:: Records supplied ::
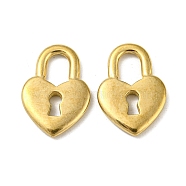 Ion Plating(IP) 304 Stainless Steel Pendants, Heart Shape Padlock Charm, Real 18K Gold Plated, 21.5x15x2.5mm, Hole: 8x5mm(STAS-P341-21B-G)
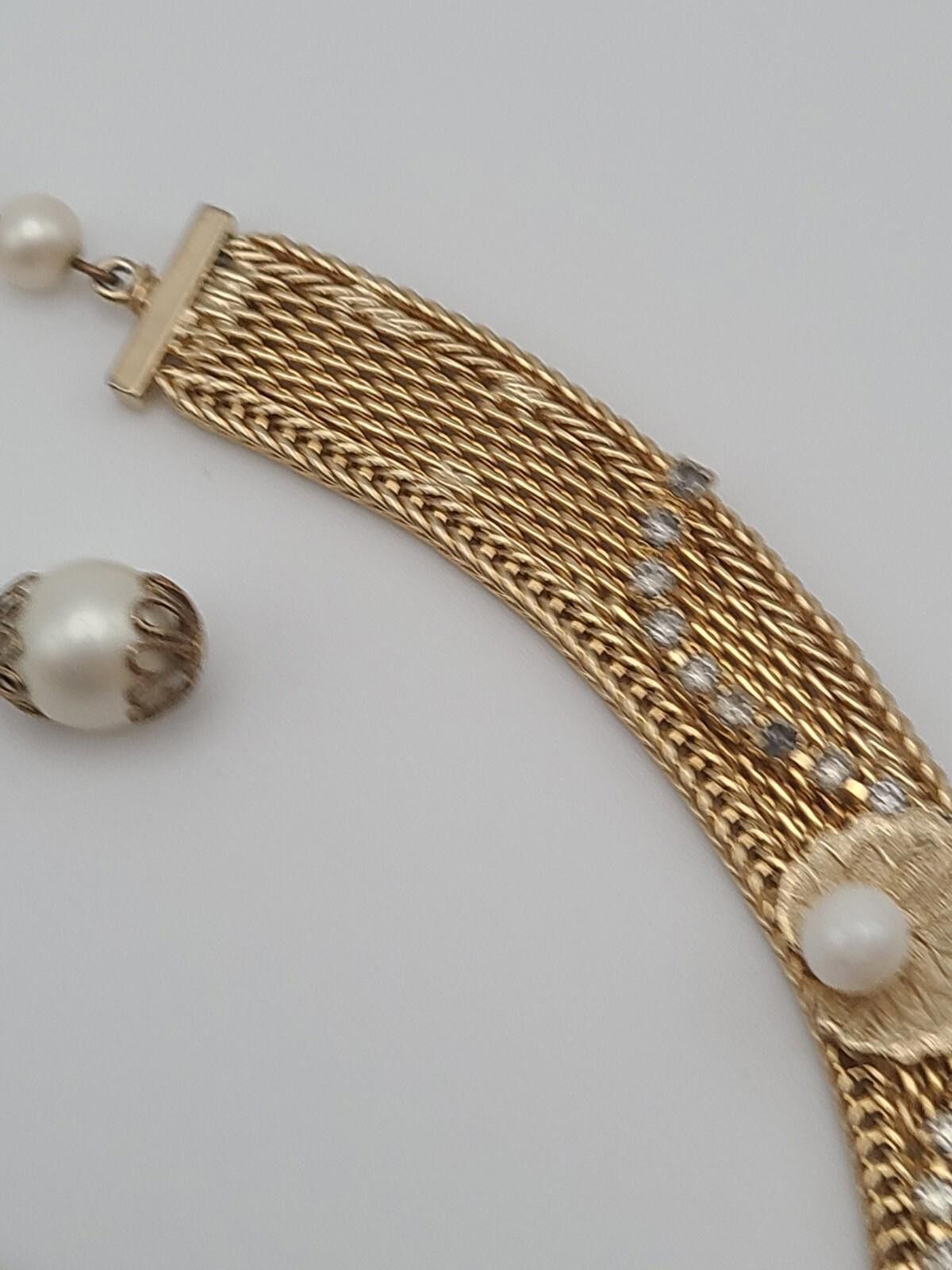 RAGEBLUE Rare Vintage Signed Hobe Choker Pearls Rhinestones Lily Pads Size ONE SIZE - 8 Thumbnail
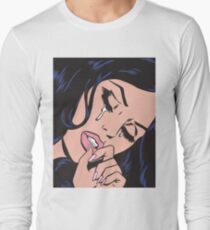 Schwarzes Haar weinendes komisches Mädchen Langarmshirt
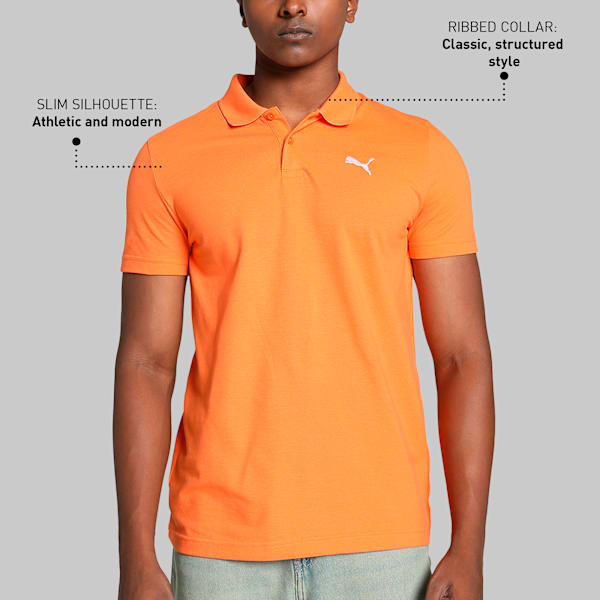 Men's Slim Fit Polo T-shirt, Rickie Orange, extralarge-IND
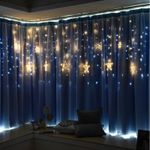 Casa si Gradina - Corpuri si surse de iluminat - Iluminat exterior - Instalatii luminoase exterior - Instalatie Luminoasa pentru Craciun, Perdea cu 6 Stele Mici si Mari, Interconectabila, Lumina Alba calda - Infinity.ro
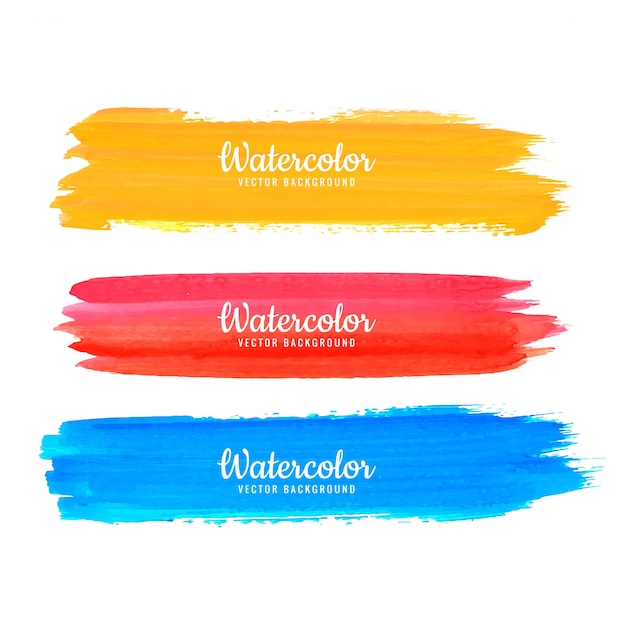 Abstract watercolor colorful strokes vector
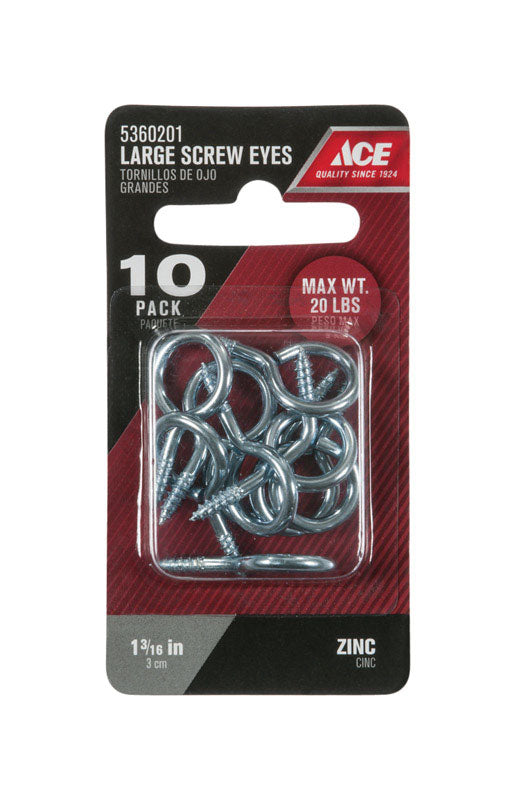 Ace 3/8 in. D X 1-3/16 in. L Zinc-Plated Steel Screw Eye 20 lb. cap. 10 pk, Pack of 5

:: Work task ::
Skipping every picture, transcribe exactly the lines above from the one containing "RAGEBLUE Rare Vintage" through the one containing "Casa si Gradina", both included.

:: Output of the task ::
 RAGEBLUE Rare Vintage Signed Hobe Choker Pearls Rhinestones Lily Pads Size ONE SIZE - 8 Thumbnail
 Schwarzes Haar weinendes komisches Mädchen Langarmshirt
 Men's Slim Fit Polo T-shirt, Rickie Orange, extralarge-IND
 Casa si Gradina - Corpuri si surse de iluminat - Iluminat exterior - Instalatii luminoase exterior - Instalatie Luminoasa pentru Craciun, Perdea cu 6 Stele Mici si Mari, Interconectabila, Lumina Alba calda - Infinity.ro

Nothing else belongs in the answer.